Planless

I stumbled upon the design field. It wasn’t for a career when I made my first website with FrontPage 98. No one could tell the difference from a Word document anyway. I was fifteen, so there was no plan, only feelings. The feeling of drawing clean shapes that I couldn’t do freehand. The feeling of typing without looking at the keyboard. Just like any teenager, I chased feelings I liked. I probably wouldn’t continue if I knew I was chasing what I was going to do almost every day for the next two decades. I’m glad I never thought that through.

Then from a certain point, all this became work and career. The getting-paid part was good, but the fun started ebbing. And I started making plans.

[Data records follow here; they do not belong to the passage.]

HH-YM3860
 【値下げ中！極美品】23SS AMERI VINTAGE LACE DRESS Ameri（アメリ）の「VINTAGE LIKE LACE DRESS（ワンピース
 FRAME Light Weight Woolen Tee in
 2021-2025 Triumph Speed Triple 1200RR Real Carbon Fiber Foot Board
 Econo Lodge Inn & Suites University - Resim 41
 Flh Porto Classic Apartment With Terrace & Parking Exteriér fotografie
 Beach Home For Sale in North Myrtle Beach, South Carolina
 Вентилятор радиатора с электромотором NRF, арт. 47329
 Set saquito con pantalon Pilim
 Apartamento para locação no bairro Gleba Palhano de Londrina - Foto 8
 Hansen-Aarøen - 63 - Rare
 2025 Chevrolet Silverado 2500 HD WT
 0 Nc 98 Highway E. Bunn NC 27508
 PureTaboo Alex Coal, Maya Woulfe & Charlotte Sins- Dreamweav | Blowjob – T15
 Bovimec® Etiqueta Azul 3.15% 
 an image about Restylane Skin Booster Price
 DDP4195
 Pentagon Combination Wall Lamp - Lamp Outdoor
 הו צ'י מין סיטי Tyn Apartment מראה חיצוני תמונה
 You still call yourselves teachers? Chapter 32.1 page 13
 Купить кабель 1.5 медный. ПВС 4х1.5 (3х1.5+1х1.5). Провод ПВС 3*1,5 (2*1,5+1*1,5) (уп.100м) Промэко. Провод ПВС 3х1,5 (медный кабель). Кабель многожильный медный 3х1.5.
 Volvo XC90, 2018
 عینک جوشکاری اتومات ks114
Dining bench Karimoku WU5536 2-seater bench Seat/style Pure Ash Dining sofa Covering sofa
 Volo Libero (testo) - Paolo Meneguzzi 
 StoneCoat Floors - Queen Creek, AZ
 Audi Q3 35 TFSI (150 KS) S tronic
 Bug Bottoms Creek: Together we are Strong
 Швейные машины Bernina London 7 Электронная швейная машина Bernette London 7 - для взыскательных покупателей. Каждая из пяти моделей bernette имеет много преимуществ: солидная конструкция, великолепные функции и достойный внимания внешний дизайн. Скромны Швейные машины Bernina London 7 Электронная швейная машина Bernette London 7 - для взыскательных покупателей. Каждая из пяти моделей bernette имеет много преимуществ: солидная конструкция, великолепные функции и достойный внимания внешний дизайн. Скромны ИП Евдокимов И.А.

Plans for tasks, projects, career, and life. Ironically though, looking back, what brought me this far was the things I never planned for. My plans have either been dismissed or underwhelmingly achieved. However, I keep planning despite what I learn from experience (that planning never works). I guess planning makes me feel safer than I actually am. It gives me a false sense of preparing for the future.

Long-term planning, in particular, is hardly valuable considering the line of work I’m in. I see people earn a lot of dough in a job that didn’t exist five years ago. I’ve had about six different job titles so far - kept making websites. This is a field where you survive by adapting to changes and resisting the urge to make long-term plans. It’s almost like the whole industry is for planless people.

I do make plans nonetheless. What else can I do?